▸ Assignment:
Once the images are set aside, return every entry exactly.

▸ Supplied information:
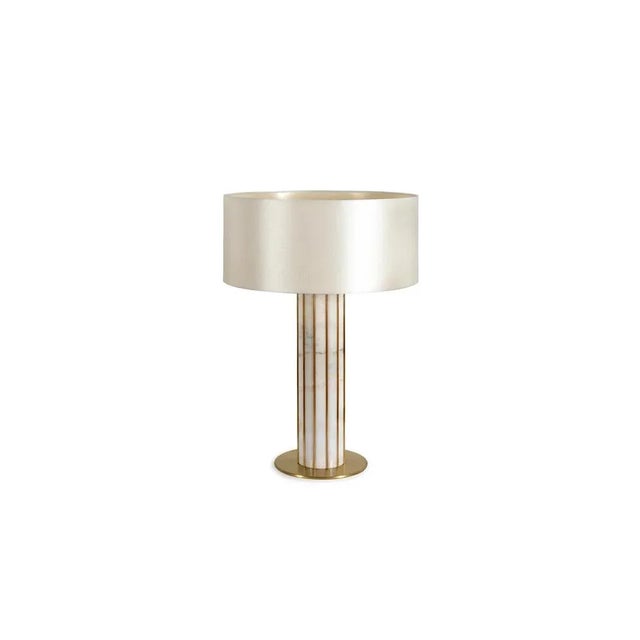 Seagram estremoz marble table lamp by insidherland dimensions: d 45 x w 45 x h 65 cm. Materials: satin, estremoz marble,...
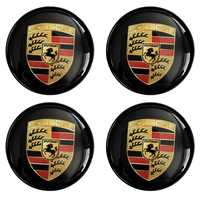 капачки за джанти Порше Porsche черни 58мм комплект от 4 броя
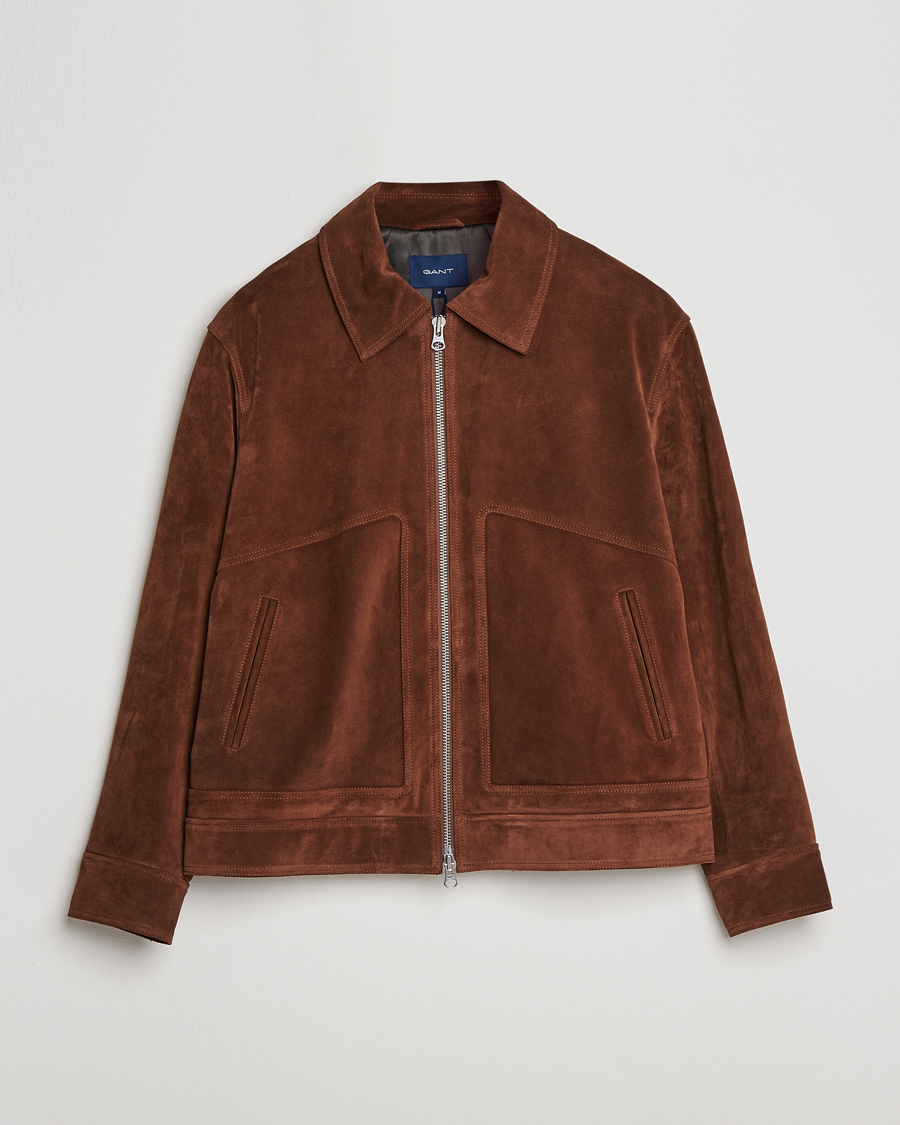 Heren | Jassen | GANT | Suede Jacket Mahogany Brown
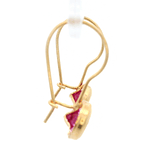 Aros De Oro Amarillo 18K Punto De Luz Rosada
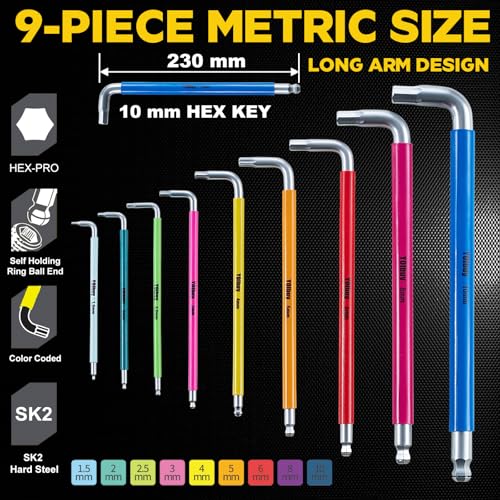 YOIbuy PRO Hex Key Wrench Set, 9-Piece Metric Allen Wrench Set, 1.5-10MM, SK2 Steel, Anti-Slip Ball End, Long Arm, Color-Coded, HEX-PRO Tech, for Mechanical Equipment, Vehicle, and Bicycle Repairs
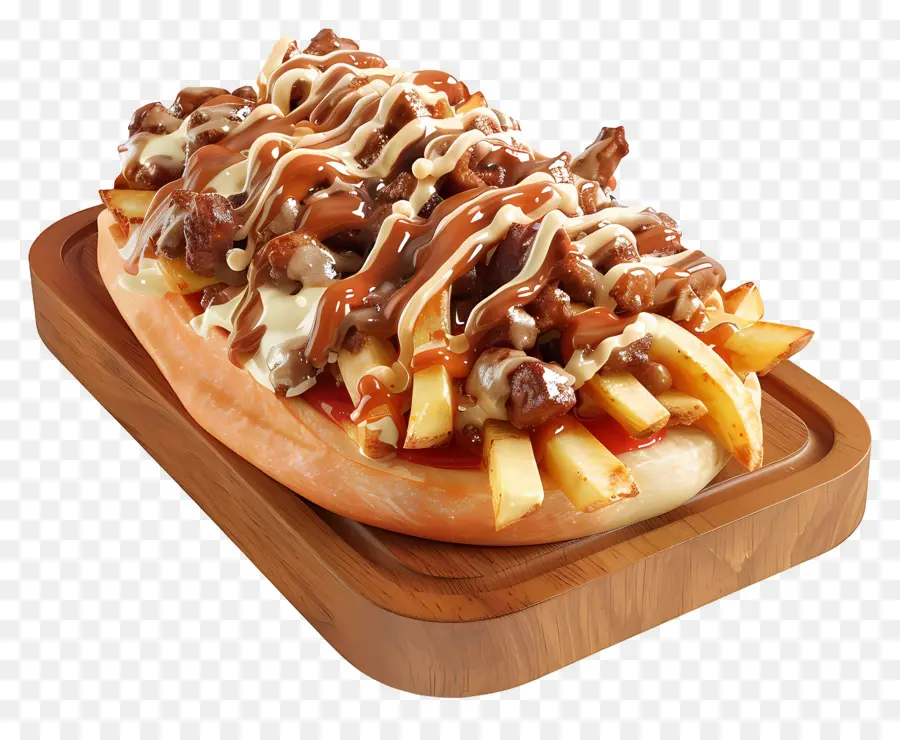 Poutine，Frites Chargées De Viande PNG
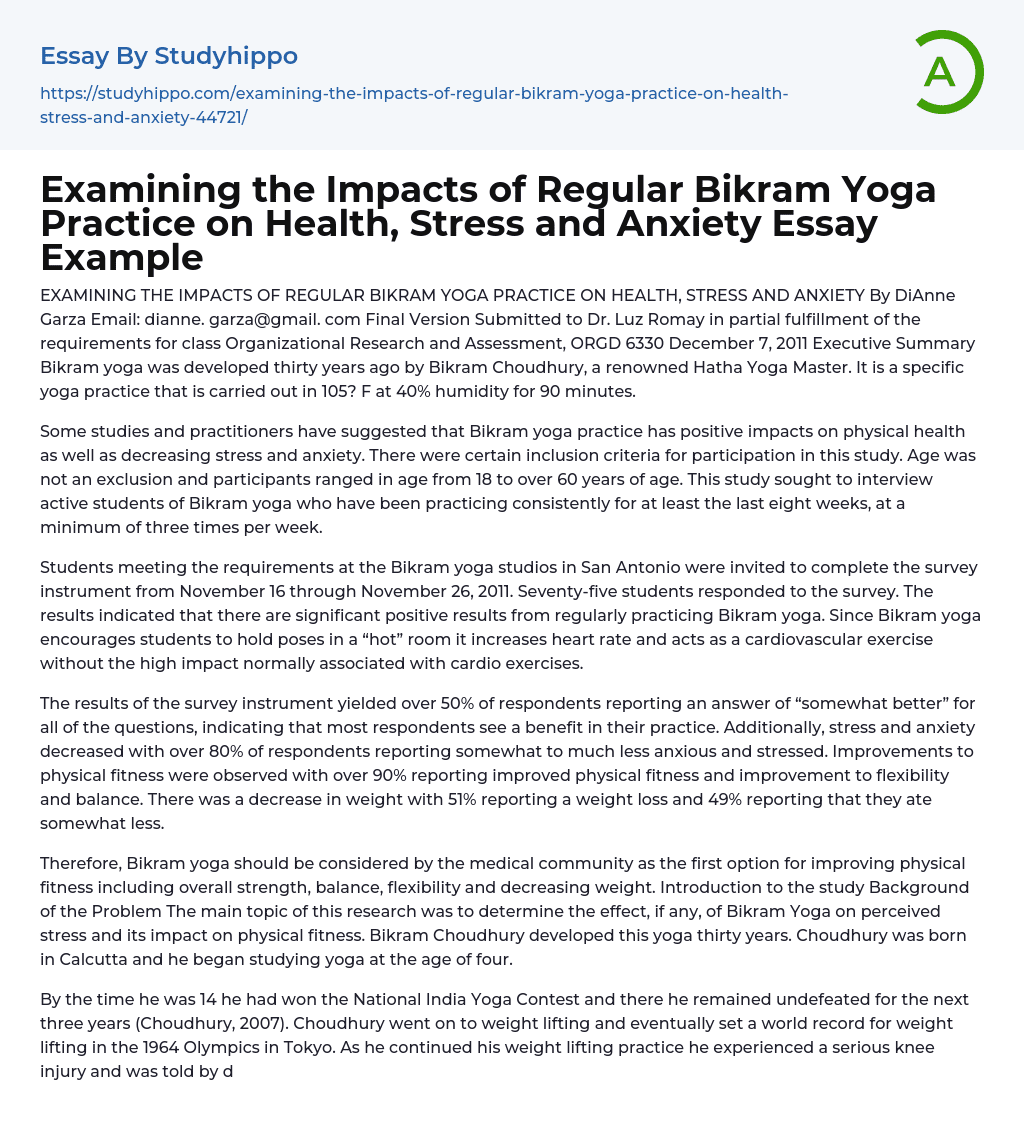 Examining the Impacts of Regular Bikram Yoga Practice on Health Essay Example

▸ Exercise solution:
 Seagram estremoz marble table lamp by insidherland dimensions: d 45 x w 45 x h 65 cm. Materials: satin, estremoz marble,...
 капачки за джанти Порше Porsche черни 58мм комплект от 4 броя
 Heren | Jassen | GANT | Suede Jacket Mahogany Brown
 Aros De Oro Amarillo 18K Punto De Luz Rosada
 YOIbuy PRO Hex Key Wrench Set, 9-Piece Metric Allen Wrench Set, 1.5-10MM, SK2 Steel, Anti-Slip Ball End, Long Arm, Color-Coded, HEX-PRO Tech, for Mechanical Equipment, Vehicle, and Bicycle Repairs
 Poutine，Frites Chargées De Viande PNG
 Examining the Impacts of Regular Bikram Yoga Practice on Health Essay Example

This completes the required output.